General

These anti-Brexit posters show just what we lose by leaving the EU

Jonathan Jones, The Guardian

Artist Wolfgang Tillmans turns
activist with passionate posters about why Britain should stay in
Europe. Is he going too far – or not far enough?






The artist Wolfgang
Tillmans
has said what I feel: “What is lost is lost forever,”
he warns over a blue and violet image of the Earth from above,
apparently one of the photographer’s pictures taken through the
window of a passenger jet – an image of boundless space, longing
and desire. He is talking about the EU. 

Tillmans
has created a series of passionate posters arguing why Britain should
stay in Europe and urging young voters in particular to make
sure they are registered to vote
in the EU
referendum
before 7 June.




Should artists weigh in and lecture
people on why we should vote to remain in the EU? 

This is a territory
where many have been stunned into silence.




In a pre-emptive strike, the Brexit
side scored easy points against cultural celebrity Emma Thompson
after she made
comments
at a film festival about what Britain might look like
out of Europe. The lesson appeared to be that members of the cultural
elite – who include Turner
prize-winner Tillmans
– are advised to stay silent, or risk
being mocked as part of the Europhile establishment the leavers
scorn.





Nobody commissioned Tillmans to make
these 25 overtly political works, which combine lyrical images with
bold words. He is acting on his own initiative (aided by his London
and Berlin studio assistants) as a citizen concerned the remain
campaign lacks passion. 

“We have reached a critical moment that
could prove to be a turning point for Europe as we know and enjoy it
– one that might result in a cascade of problematic consequences
and political fall-out,”
he writes on his
website
, where the posters are available to download and share.
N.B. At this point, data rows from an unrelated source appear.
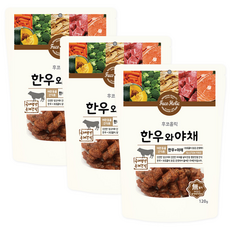 후코홀릭 강아지 간식, 한우 + 야채 혼합맛, 120g, 3개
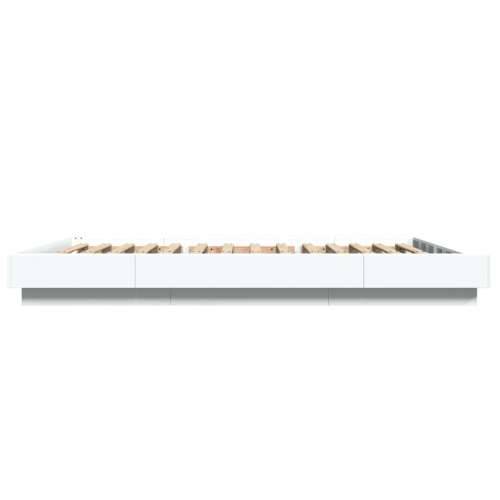 Okvir kreveta s LED svjetlima bijeli 140 x 190 cm drveni - Bijela 140 x 190 cm Cijena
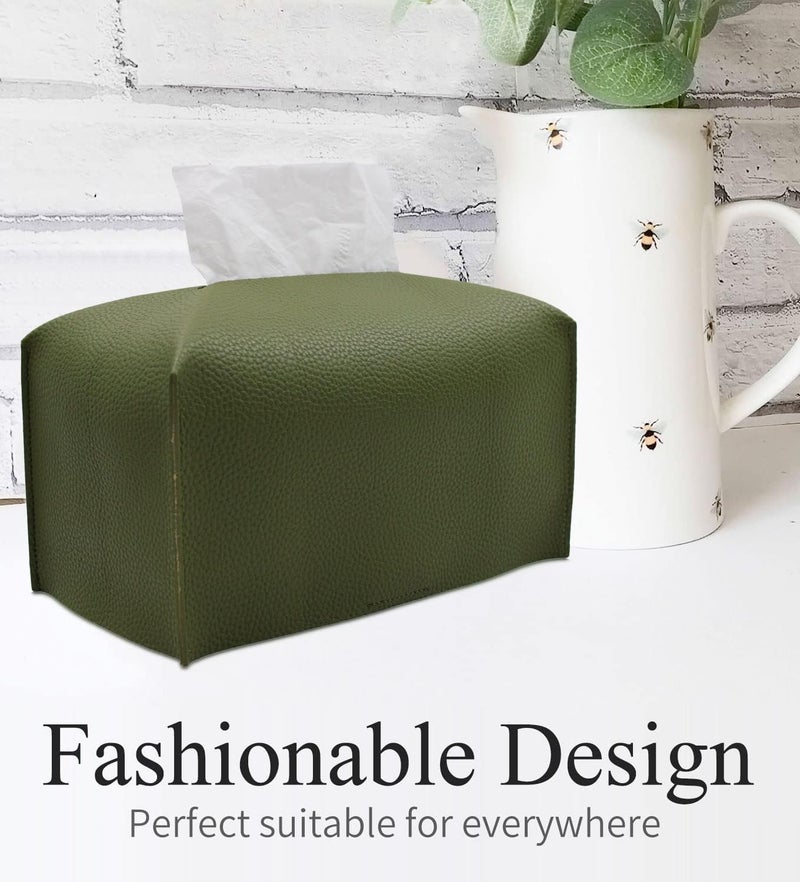Livelab Tissue Box Cover, Rectangular Modern Decorative PU Leather Tissue Box Case Organizer Holder for Vanity Countertop, Night Stands, Livingroom, Office Desk & Car 9.5X5X5'' | Olive Green - Image 4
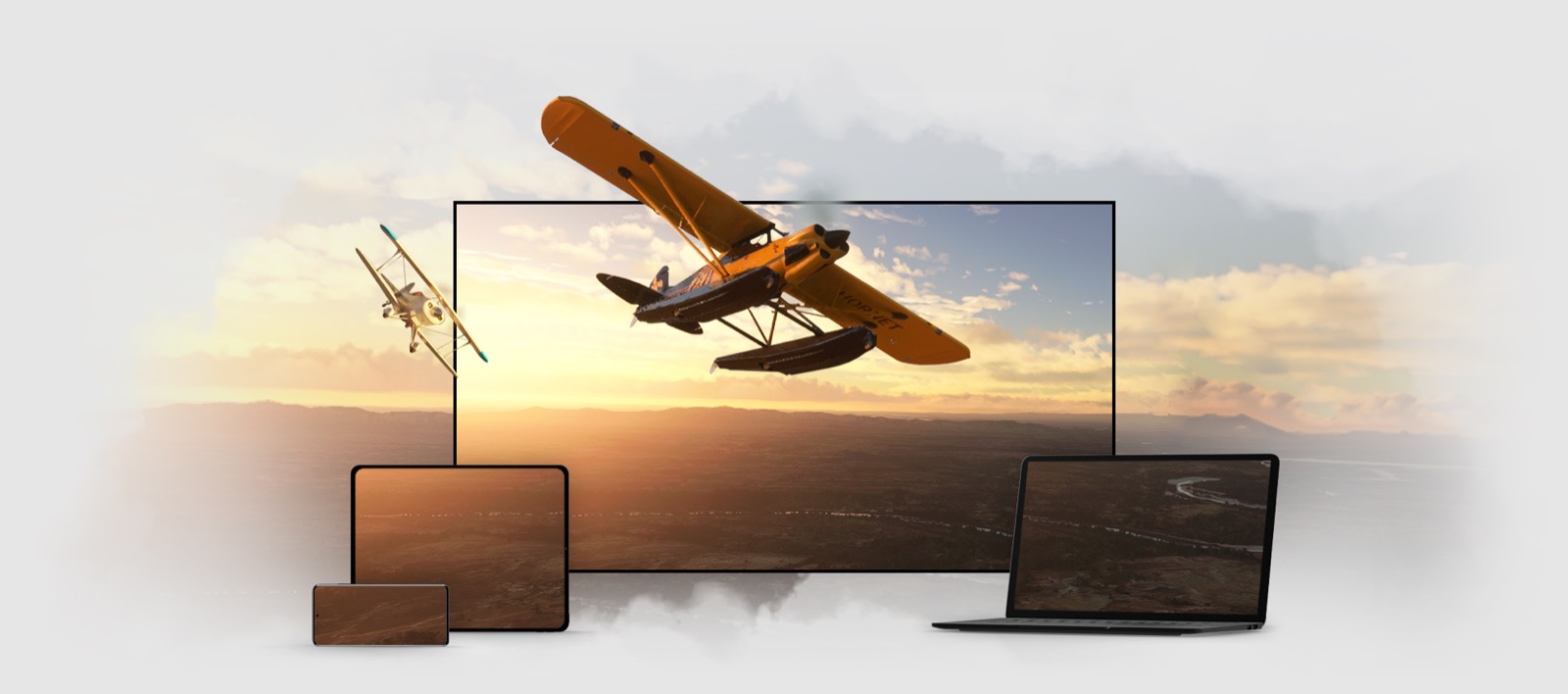 Microsoft Flight Simulator appears across a TV, laptop, tablet and phone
What is lost is lost forever” is
the one that moves me most because it expresses exactly what is at
stake. All the passion about the EU debate may seem to be on the
Brexit side, with their enthusiasm for national sovereignty and
visions of a sceptred isle.



This emotion has suddenly turned from
a strength to a weakness, as damning data on the potential economic
woes of a Brexit piled up and Barack Obama delivered his
cool blow
. Patriotic feelings are all the Brexiteers appear to
have. 

In place of economic reason, they resort to absurd vitriol.
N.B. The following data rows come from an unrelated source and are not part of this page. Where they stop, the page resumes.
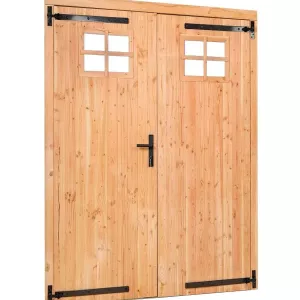 Douglas dubbele dichte deur met klein raam B185xH205 cm buitenmaat, linksdraaiend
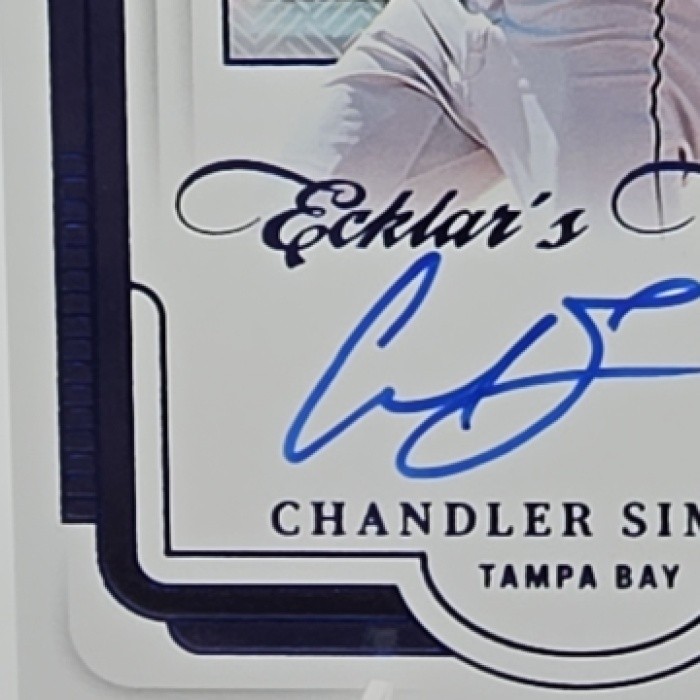 2025 National Treasures Chandler Simpson Ecklar's Choice /49 Auto Tampa Bay Rays view 4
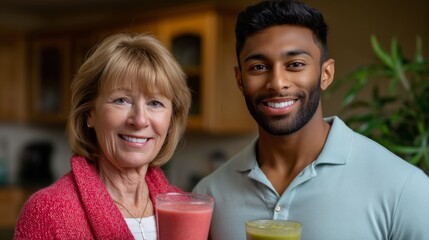 Diverse duo enjoying refreshing smoothies together in a cozy kitchen setting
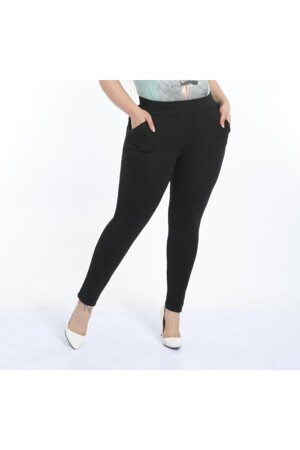 Schwarze Leggings mit erhöhten Taschen für Damen in Übergröße - 1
But there’s a long way to go, and
emotions continue to matter. Tillmans’ image of a lost horizon
captures what I suspect is the hidden emotional truth for millions of
people. We may not be out there ranting, but if Britain voted to
leave we would wake up on 24 June with a terrible sense of loss and
isolation, a sadness that would be hard to shake.




Britain outside Europe would feel like
a foreign land to its own people. 

Whose country would such an
isolationist island be? Not mine – I’d be lost there. 

Incredibly,
leave campaigner and justice minister Dominic Raab has conceded that
Britons
may need visas to visit Europe
if they vote to go. 

What kind of
backward step in history are these people contemplating? A visa to
visit Europe?




Tillmans expresses the tragedy of such
an outcome in a poster that adapts the words of the poet John Donne:
“No man is an island. No country by itself.” 

In another, over an
ethereal blue and orange photograph, he asks: “If people like
Rupert Murdoch, Nigel Farage, George Galloway, Nick Griffin, and
Marine Le Pen want Britain to leave the EU … Where does that put
you?”




I suspect Tillmans is not on Nigel
Farage’s radar. 

But he can use his more selective fame to directly
address younger voters who need to register and vote. And other
artists should follow his lead if they can express themselves as
naturally and sympathetically as he does in these posters.




The photograph he matches with his
revision of Donne’s
immortal lines
is a view from the sky of a coastline battered by
the waves. Instead of white cliffs with green grass behind them, as
in some Brexit fantasy island, the land here is cut off from a wider
world and looks like a desert. 

Isolate this island and it will die.